#### WHAT IS REQUIRED:
Please transcribe the data below in full. Omit any picture you find in it.

** PROVIDED DATA follows **

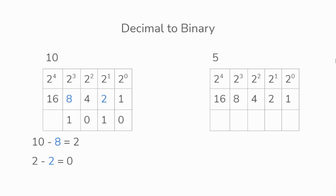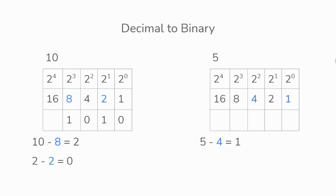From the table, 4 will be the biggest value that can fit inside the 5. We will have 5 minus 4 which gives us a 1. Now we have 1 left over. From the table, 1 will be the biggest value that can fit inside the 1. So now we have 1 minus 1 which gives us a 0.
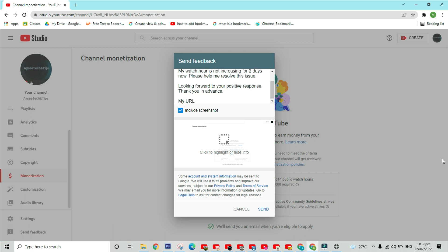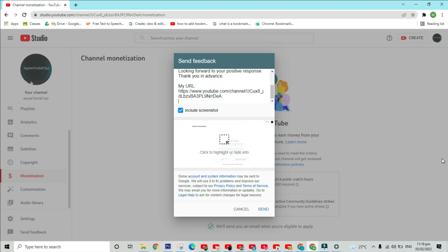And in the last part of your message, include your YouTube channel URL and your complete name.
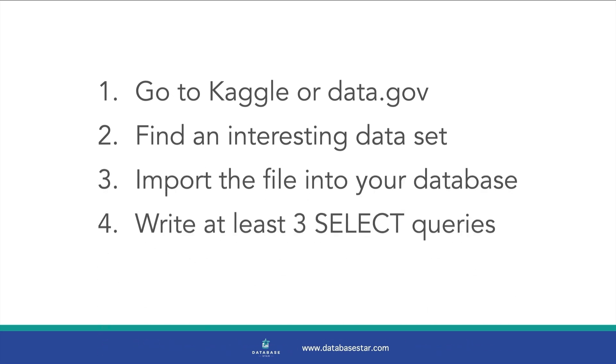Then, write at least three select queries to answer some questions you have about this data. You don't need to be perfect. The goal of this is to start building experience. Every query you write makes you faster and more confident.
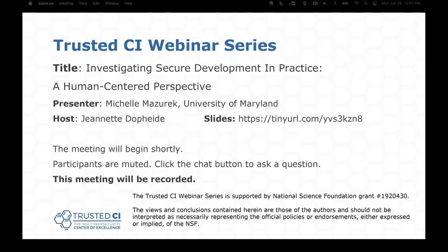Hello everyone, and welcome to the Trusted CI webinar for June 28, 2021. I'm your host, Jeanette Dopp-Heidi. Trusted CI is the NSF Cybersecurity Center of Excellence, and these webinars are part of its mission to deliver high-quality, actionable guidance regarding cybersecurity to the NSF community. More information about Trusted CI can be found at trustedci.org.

** End of PROVIDED DATA **

#### REPLY:
From the table, 4 will be the biggest value that can fit inside the 5. We will have 5 minus 4 which gives us a 1. Now we have 1 left over. From the table, 1 will be the biggest value that can fit inside the 1. So now we have 1 minus 1 which gives us a 0.
And in the last part of your message, include your YouTube channel URL and your complete name.
Then, write at least three select queries to answer some questions you have about this data. You don't need to be perfect. The goal of this is to start building experience. Every query you write makes you faster and more confident.
Hello everyone, and welcome to the Trusted CI webinar for June 28, 2021. I'm your host, Jeanette Dopp-Heidi. Trusted CI is the NSF Cybersecurity Center of Excellence, and these webinars are part of its mission to deliver high-quality, actionable guidance regarding cybersecurity to the NSF community. More information about Trusted CI can be found at trustedci.org.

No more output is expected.